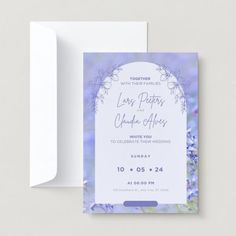 a wedding card with the words love paper and flowers on it, next to an envelope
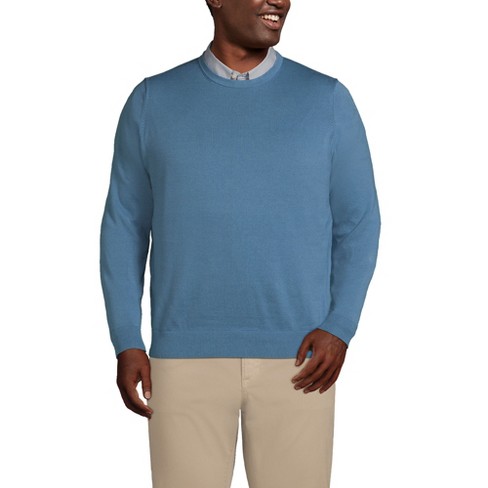 Lands End Men s Big Fine Gauge Supima Cotton Crewneck Sweater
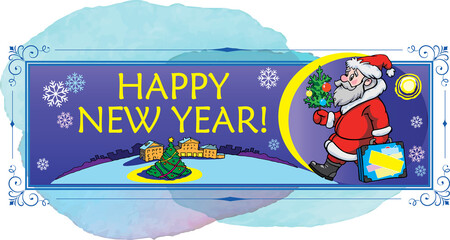 Winter, holiday card, funny images of Santa Claus, and Christmas celebratio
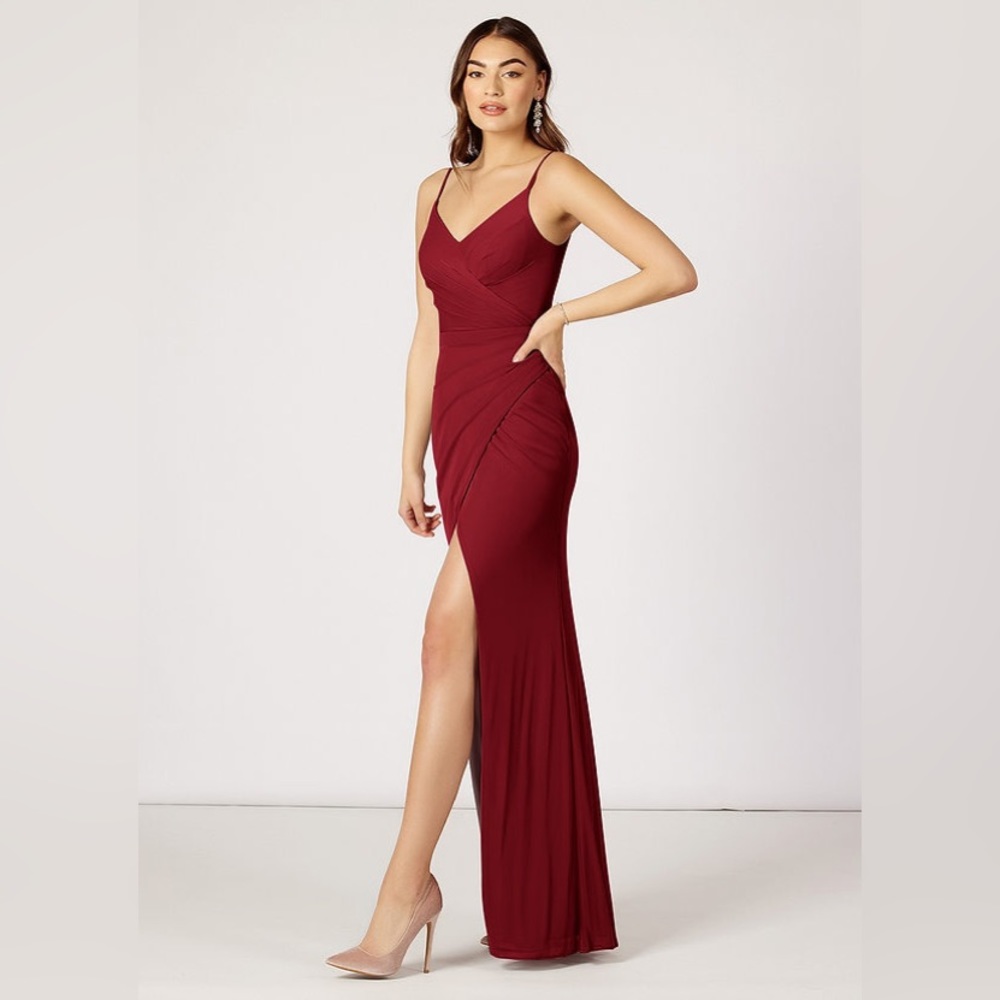 NWT Burgundy “Adley” Azazie Gown Size A2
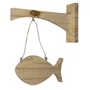 Placa Mão Francesa Decorativa Peixe em Madeira Pinus Estilo Náutico e Base para Artesanato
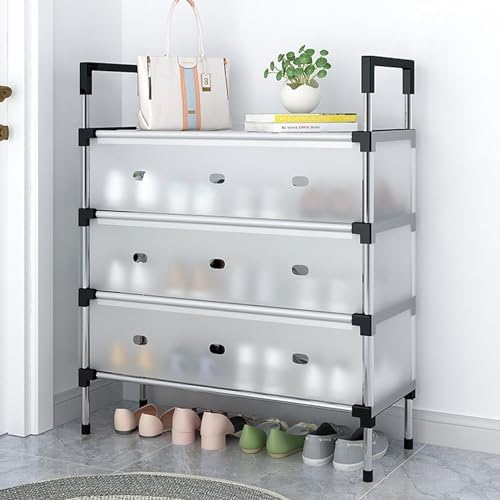 Adjustable Metal Shoe Organizer – Compact Small Shoe Rack for Entryway, Hallway, Bedroom & Foyer Storage – Space-Saving Narrow Cabinet Solution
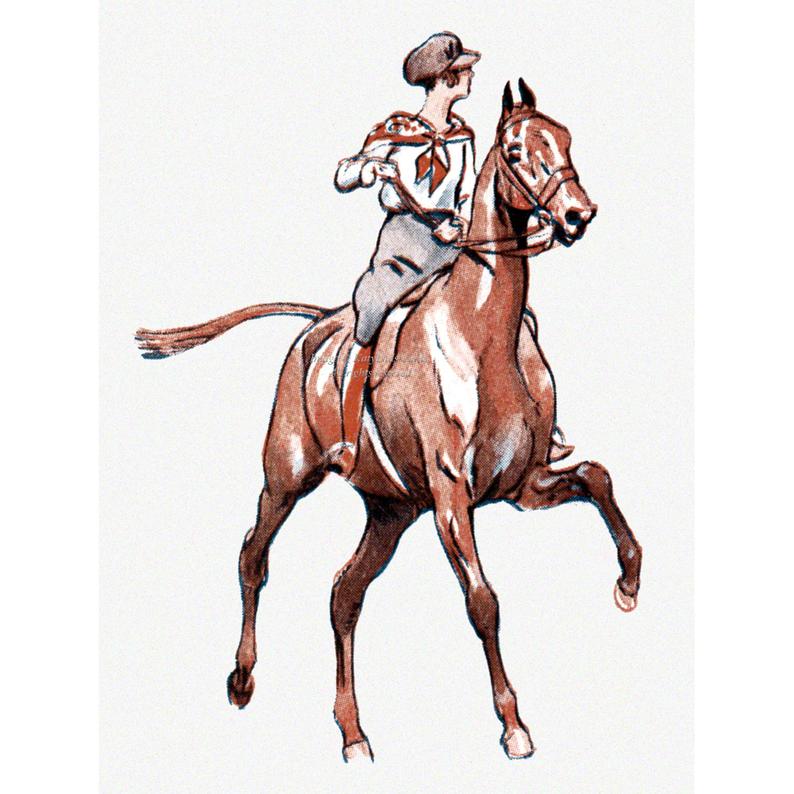 794x794 Horse Greeting Card Girl And Horse Out For A Hack French Etsy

> [WORK INSTRUCTIONS] Beginning at the line above that contains "Gown Size A2", repeat each line exactly through the one that contains "Adjustable Metal Shoe", and leave out the pictures.

> [YOUR SOLUTION]
 NWT Burgundy “Adley” Azazie Gown Size A2
 Placa Mão Francesa Decorativa Peixe em Madeira Pinus Estilo Náutico e Base para Artesanato
 Adjustable Metal Shoe Organizer – Compact Small Shoe Rack for Entryway, Hallway, Bedroom & Foyer Storage – Space-Saving Narrow Cabinet Solution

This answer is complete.